Hey Tekstil direnişi direne direne kazanacak!

Hey Tekstil işçilerinin direnişi tüm kararlılığı ile sürüyor. İşçiler direnişlerini, dünyaca ünlü markaların ürünlerini fason üretim için, aralarında Hey Tekstil’in de bulunduğu pek çok firmaya dağıtan Hong Kong’lu Li-Fung şirketinin önünde sürdürüyorlar.

 

Li-Fung, işçilerin emeklerini sömürerek milyonlarca dolar kazanan uluslararası bir tekstil şirketi. Diğer patronlar gibi Li-Fung patronu da haklarını isteyen Hey Tekstil işçisinin ödenmeyen maaşlarını ve tazminatlarını vermek yerine polisi devreye sokuyor. Ancak kolluk kuvvetlerinin baskıları işçileri yıldıramıyor. Önce Li-Fung şirketinin önünden karşı kaldırıma geçmemeleri için polis müdahalede bulundu ancak bu girişim, başta kadın işçiler olmak üzere güçlü bir direnişle karşılaştı ve püskürtüldü. Kaba kuvvetle sonuç alamayan patron, polise işçilerin kullandığı ses araçlarından çıkan gürültü dolayısıyla para cezası kestirdi. Ancak bu baskılar da işçilere vız gelip tırıs gidiyor. Sesten rahatsız olan işyeri önünde her gün eylem yapılmasını istemeyen patronun yapacağı tek bir şey var o da işçilerin hakları olan ödenmemiş maaşlarını ve tazminatlarını ödemek.

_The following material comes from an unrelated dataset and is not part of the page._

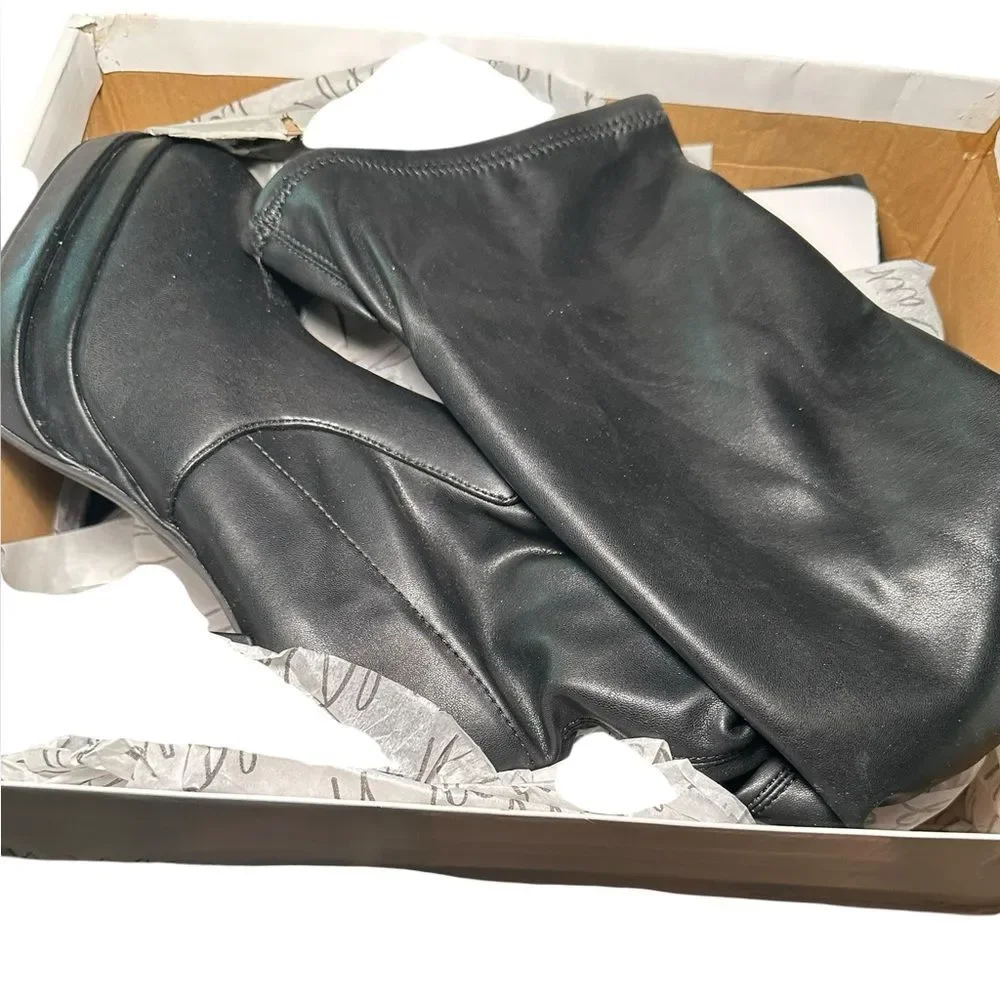 Wild Pair size 9.5 Ozzey Faux Leather Zipper Over-The-Knee Boots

Hey Tekstil işçisinin kararlılığı 1 Mayıs meydanına da taşındı. “Direne direne kazanacağız!” sloganıyla Şişli kolundan Taksim’e giren Hey Tekstil işçisi, Mecidiyeköy’de DİP’in kurmuş olduğu kürsüden de selamlandı ve hep birlikte coşkulu biçimde direniş sloganları haykırıldı. Hey Tekstil işçisi direnişteki diğer işçilerle birlikte 1 Mayıs kürsüsünde de yer aldılar. Yüz binlerce işçi ve emekçiye direnişin gücünü ve kararlılığını taşıdılar. Bir gerçek var ki direnişçi işçilerin tek bir kelimesi bile sendika başkanlarının uzun konuşmalarından daha yoğun bir içerik ve mesaj taşıyor, alanın coşkusuna coşku katıyordu.

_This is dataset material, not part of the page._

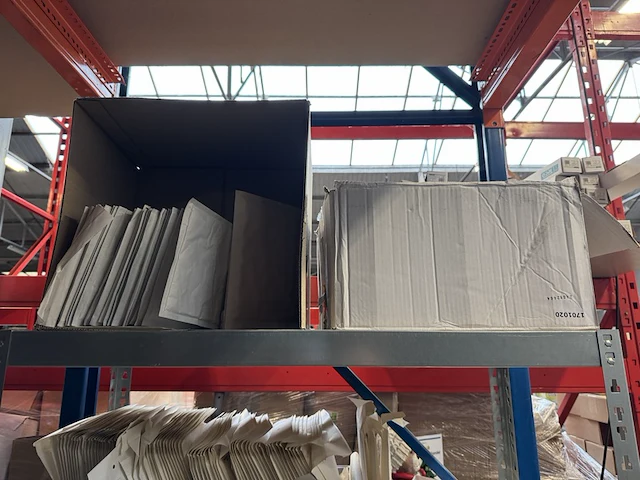 Stelling met verzendmateriaal, enveloppen en dozen - afbeelding 2 van  7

1 Mayıs bayramını kutlayan Hey Tekstil işçileri, bayramdan sonra direniş mesailerine kaldıkları yerden devam ettiler. 1 Mayıs’tan önce İstanbul bağımsız milletvekili A. Levent Tüzel’in mecliste verdiği soru önergesine Çalışma Bakanı Faruk Çelik’ten yanıt gelmiş ve Hey Tekstil gerçeği tüm kamuoyunun gözleri önüne bir kez daha serilmişti. Faruk Çelik, Hey Tekstil patronunun daha önce yapılan denetimlerde de mesai ücretlerinin ve maaşlarının tam ve zamanında ödenmemesi dolayısıyla ve son olarak da toplu işten çıkarma kurallarına uyulmadığı gerekçesiyle para cezası aldığını açıkladı.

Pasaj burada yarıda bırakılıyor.